Paul DeJong picked the wrong year to play his rookie season. A solid rookie campaign was vastly overshadowed by the emergence of Cody Bellinger, who ultimately ended up unanimously winning NL Rookie of the Year. DeJong ended up with a slash line of .285/.325/.582, as well as 25 home runs, 55 runs, and 65 RBIs in 108 games. Although he does strike out too often and doesn’t walk enough, those numbers could change for the better as he gets older and more used to the league. Most websites are predicting a regression for DeJong, but with an improved Cardinals lineup, he should see plenty of opportunities to knock runners in. You may be wondering why the NL ROY runner-up is considered a sleeper pick. He is being drafted 160th overall (15th among shortstops). While this may be due to his youth and inexperience, it shouldn’t deter anyone from taking him over more experienced shortstops such as Javier Baez or Xander Bogaerts. If you want to save picking a shortstop until later in the draft in order to load up somewhere else, DeJong should be available, and he is a pretty solid bet to do big things next season.

Griffin’s Top 3 sleepers:

1. Marcus Semien (SS – OAK):

Marcus Semien is the type of guy who seems to make his way to the waiver wire every single year. Sure he has his hot streaks when he is a solid starter, but in general, he has never quite broken out. And this is reflected in his ADP. As of now, Semien is the 22nd shortstop off the board (and 248th overall), going behind the likes of Jorge Polanco, Orlando Arcia, and Tim Anderson. Now I’m going to tell you why Semien will be an absolute steal at that price and should easily end the year as a top-15 shortstop barring injury. In the second half of 2017 Semien hit .262 with 9 homers and 7 steals in 70 games. While the average is nothing to write home about, his home run and steals pace would put him in great company among shortstops. At his second-half rate, Semien would have hit 21 dingers with 16 steals, joining Elvis Andrus and Francisco Lindor as the only 20+ homer, 15+ steal shortstops, both of whom are top 6 among shortstops in ADP and top 60 overall in ADP. There is also reason to believe his early season wrist injury sapped up some of his power as he finished 2016 with 27 long ones. The major issue with Semien is his lack of a supporting cast in Oakland which will limit his RBI and run opportunities, but his current ADP more than makes up for this factor. While I’m not saying Semien should be in your starting lineup on opening day, few players around his ADP offer comparable upside making him a superb value.

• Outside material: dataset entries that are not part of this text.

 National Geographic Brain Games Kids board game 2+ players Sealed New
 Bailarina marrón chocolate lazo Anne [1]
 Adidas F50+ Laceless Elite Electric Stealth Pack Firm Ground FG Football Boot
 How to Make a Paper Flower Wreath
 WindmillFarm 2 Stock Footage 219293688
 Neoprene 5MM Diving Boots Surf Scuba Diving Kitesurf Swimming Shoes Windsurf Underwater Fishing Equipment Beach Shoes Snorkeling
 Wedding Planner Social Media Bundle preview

2. Steven Souza (OF – TB):

2017 was finally the breakout year that Souza believers had been waiting for. But what about his .239 average, you ask? Well, it was the breakout half-year that believers had been waiting for, and there is good reason to think Souza will put together a full season in 2018. To understand why, we need only look at one date last year: July 19th–the day Souza exited in the first inning against the A’s with a left hip strain, the same hip that had bothered him throughout 2016. Before the 19th Souza was well on his way to a career season: hitting .271 with 20 homers through 90 games, on pace for 36 homers. After the 19th was a different story, as Souza hit a meager .188 the rest of the way. Entering the season at 28 years young on a one-year deal, Souza is poised for a breakout year which should land him easily inside the top 30 outfielders, far above his ADP of 54th among outfielders and 181st overall.

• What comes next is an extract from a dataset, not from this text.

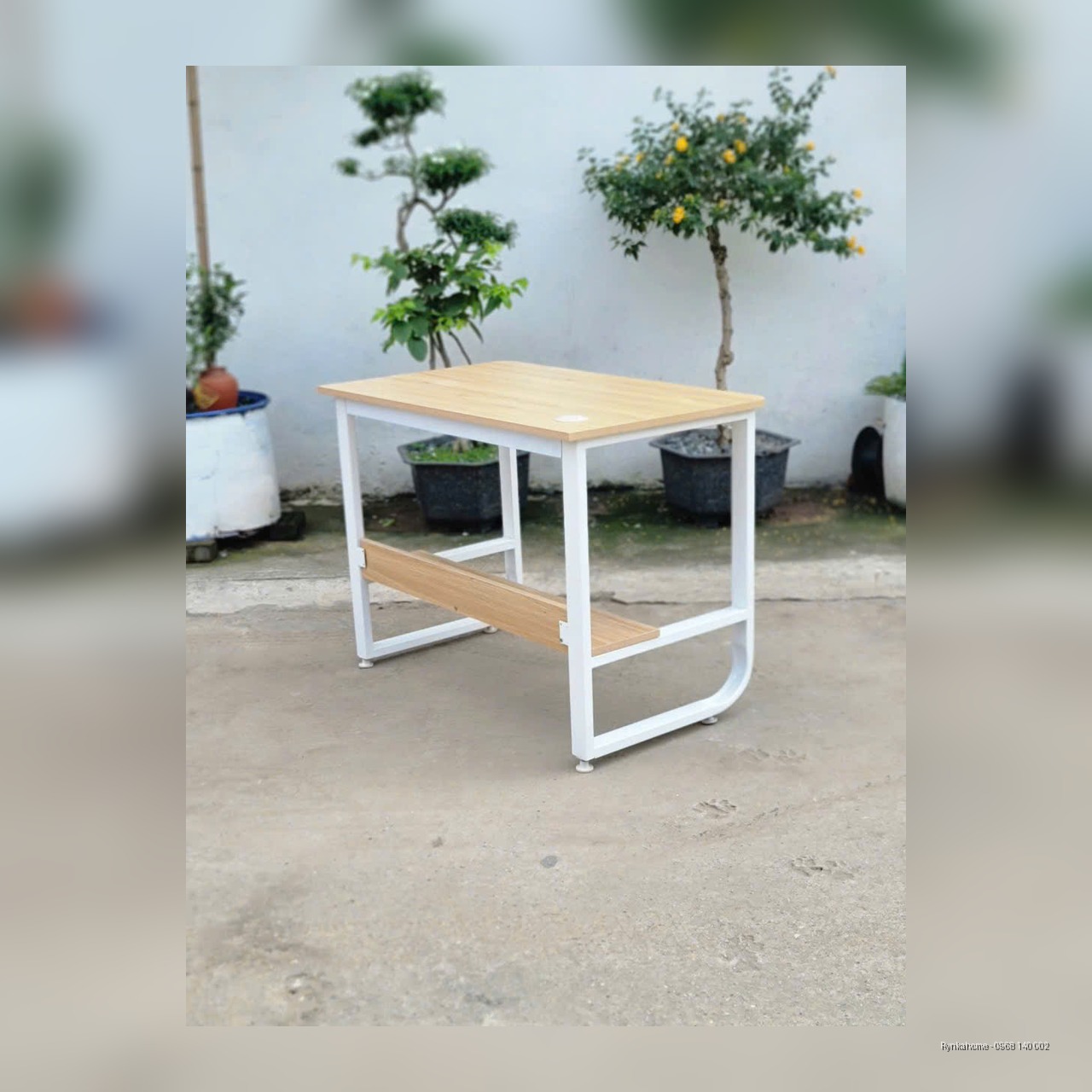Bàn Học + Bàn Làm Việc Dài 1m2 Không Giá Sách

3. Jeff Samardzija (SP – SF):

If you’re looking for sexy sleepers you can stop reading now. Honestly, it doesn’t get much less sexy than Jeff Samardzija for sleepers, but if you care about winning your fantasy league “the Shark” is a must-own. So what’s not to like about Samardzija? Entering his age 33 season, coming off a year with a 4.42 ERA, it would seem like a lot. But the reality is that the reasons to dislike Samardzija more or less stop there. In 2017, the Shark had a FIP of 3.60 and an xFIP of 3.61, good for 13th and 16th among qualified starters, respectively. How is this possible? Samardzija’s K/9 was its highest since 2013 (8.88) while he set a career low in BB/9 (1.39). In other words, his control was elite, finishing the 2017 season with lowest BB/9 among qualified SPs and a respectable K/9, 22nd overall. That sounds pretty sexy to me. On top of that Samarj is coming off five straight seasons of 200+ innings pitched so he is about as reliable as they come in terms of health. Based on these stats it seems like the Shark is a great bet to finish in the top 25 among SP, yet he is being drafted 39th in that group, behind the likes of Johnny Cueto, Gio Gonzalez, Jake Arrieta, Jon Lester, and Gerrit Cole, all of whom finished 2017 with FIPs greater than 4. My advice: let these name-value players slide with a smirk on your face and grab Samarj as your third or fourth starter.

(All ADP data is from – a site that combines rankings and ADP data from all major fantasy sites)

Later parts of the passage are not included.